This article is an extract of the Software R&D Best Practices training, it presents how the project manager should handle a software solution project planning and rollout.
Project planning
The project planning preparation is divided in 3 sub-projects.
- Plan the pre-study phase.
- Plan the project from study to delivery
- Plan the maintenance phase
The pre-study phase must be planned itself in an autonomous way because the project may finish if there’s no agreement on the scope, duration, cost and quality are found between the provider and the customer.
The maintenance phase is planned after the customer accepetance meeting (ie the final payment but eventually the warranty).
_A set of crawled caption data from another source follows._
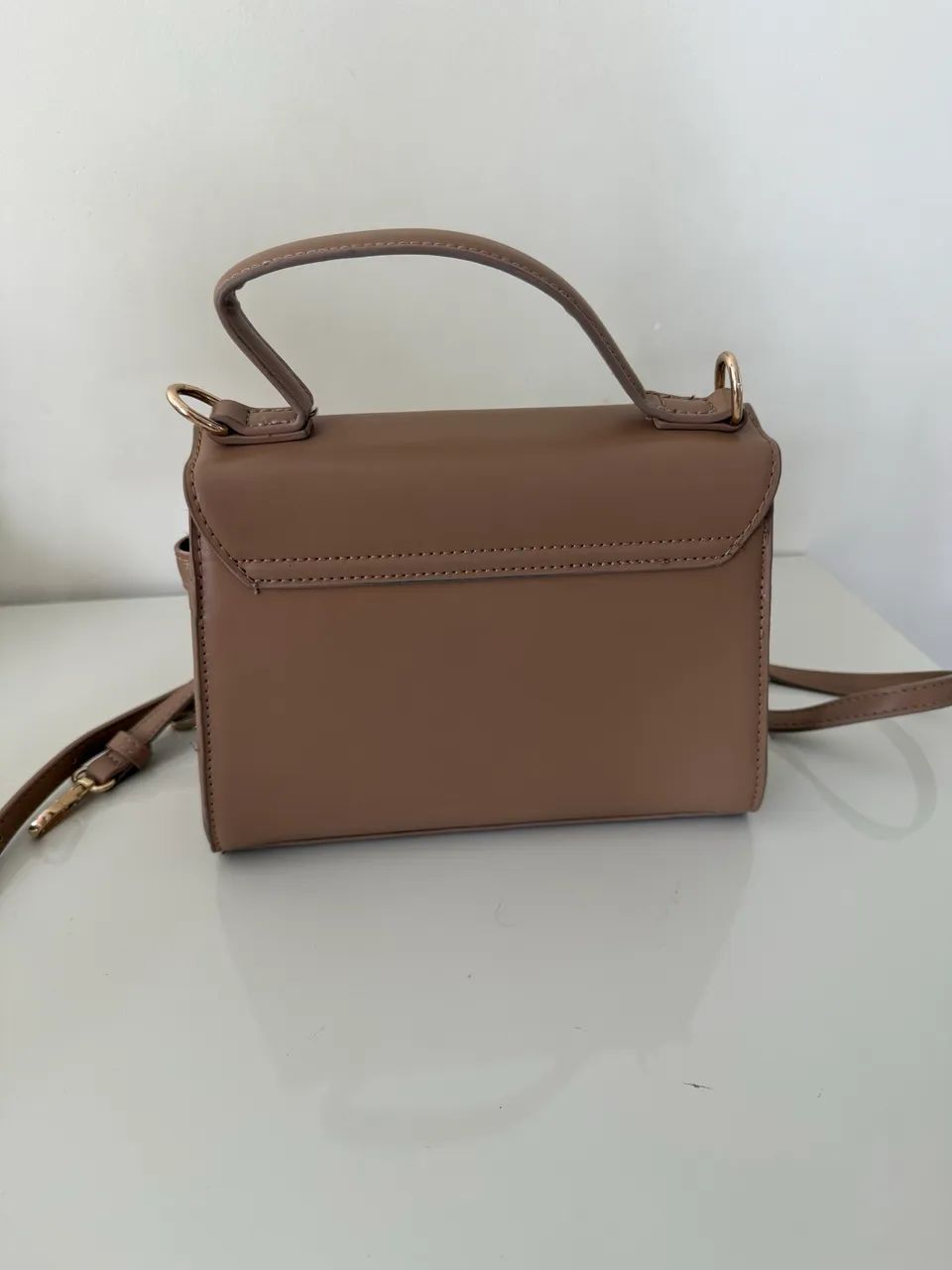 Bolsa bege  - Foto 3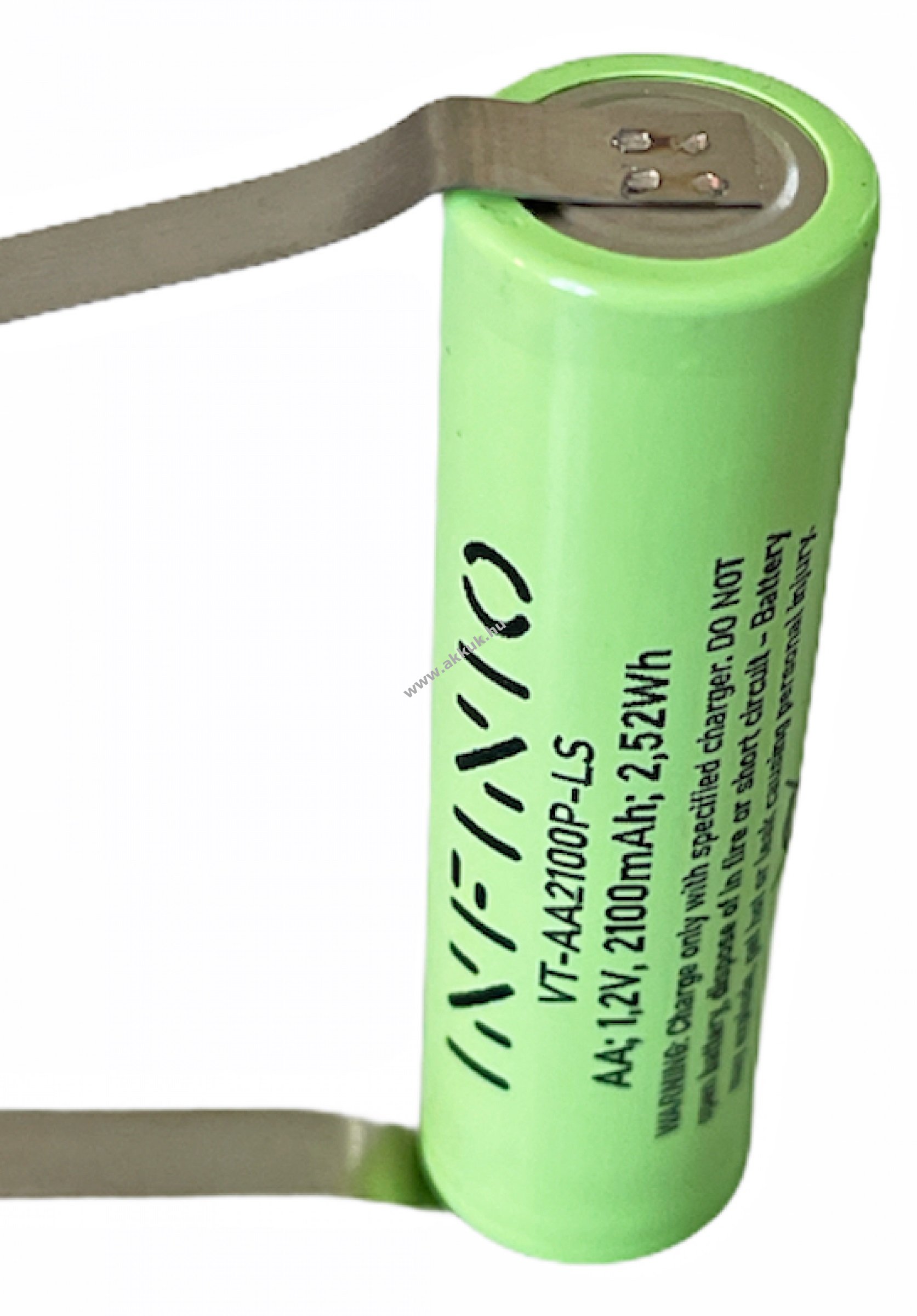 Infinio Pro Series AA akkucella, 1.2V, 2100mAh, U forrfüles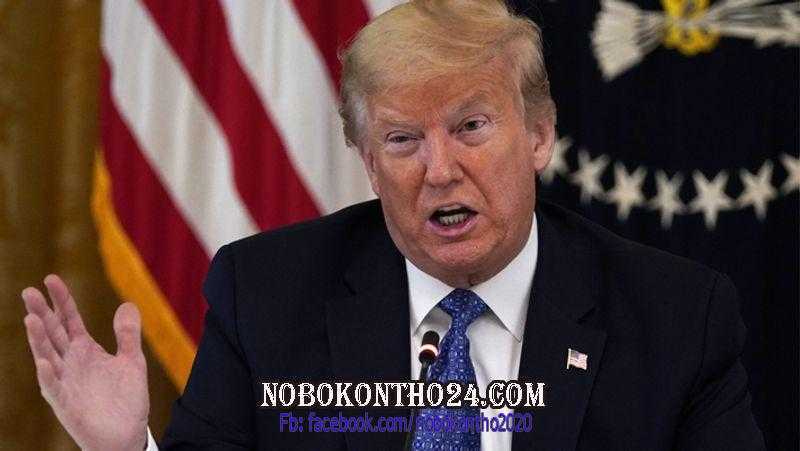 ৪০ বছরের কারাদণ্ডের মুখে ট্রাম্প - Nobokontho24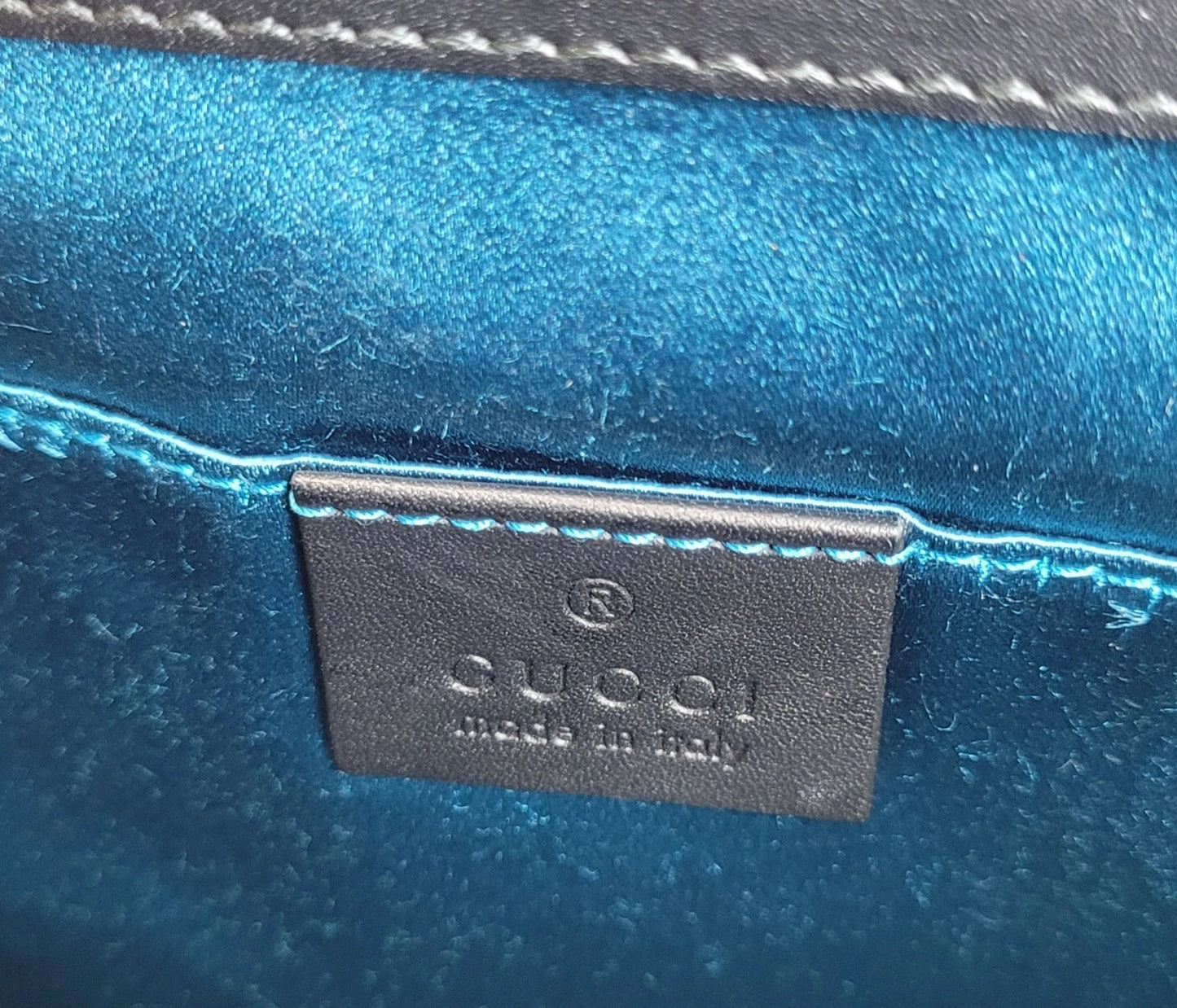 Gucci Ophida Meduim Suede Shoulder Bag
It’s a recurrent activity phase with mini-projects to be planned on a continuous flow basis up to the maintenance phase end that depends on product life time (or contract guarantee) duration and scope
The remaining project phases, from study to delivery will be planned during the pre-study and finalized at it’s end because without a completed and validated solution requirements document, the project manager does not have enough stable information to produce a realistic project plan.
Project planning steps
The project planning can be done with following steps:
- Define project work breakdown
- Estimate project tasks workload
- Assign resources to tasks : check/ask for resources availability
- Identify project risks
- Determine project risks & events buffer
- Determine project milestones
- Iterate on scope, milestones, cost and quality with customer, manager, team and quality assurance officer
These steps should be done in the proposed order in a Gantt chart like this one:
The project workload estimation (cost and duration) should be based on implementation workload (development, integration, unit tests and software documentation writing) done in the build phase.
The study workload, test workload (including test preparation, test runs and issues fixes), delivery workload and project management workloads are deduced from the implementation workload.
The implementation workload is deduced from solution requirements document (contains use cases, logical architecture, integration flows, business rules, software documentation to be delivered and other non business requirements)
The development workload can be estimated with an in-house method or standard method like Functional Points or COCOMO.
An estimation table about how to spread the total workload from the implementation workload in the build phase is provided in the Software R&D Best Practices training.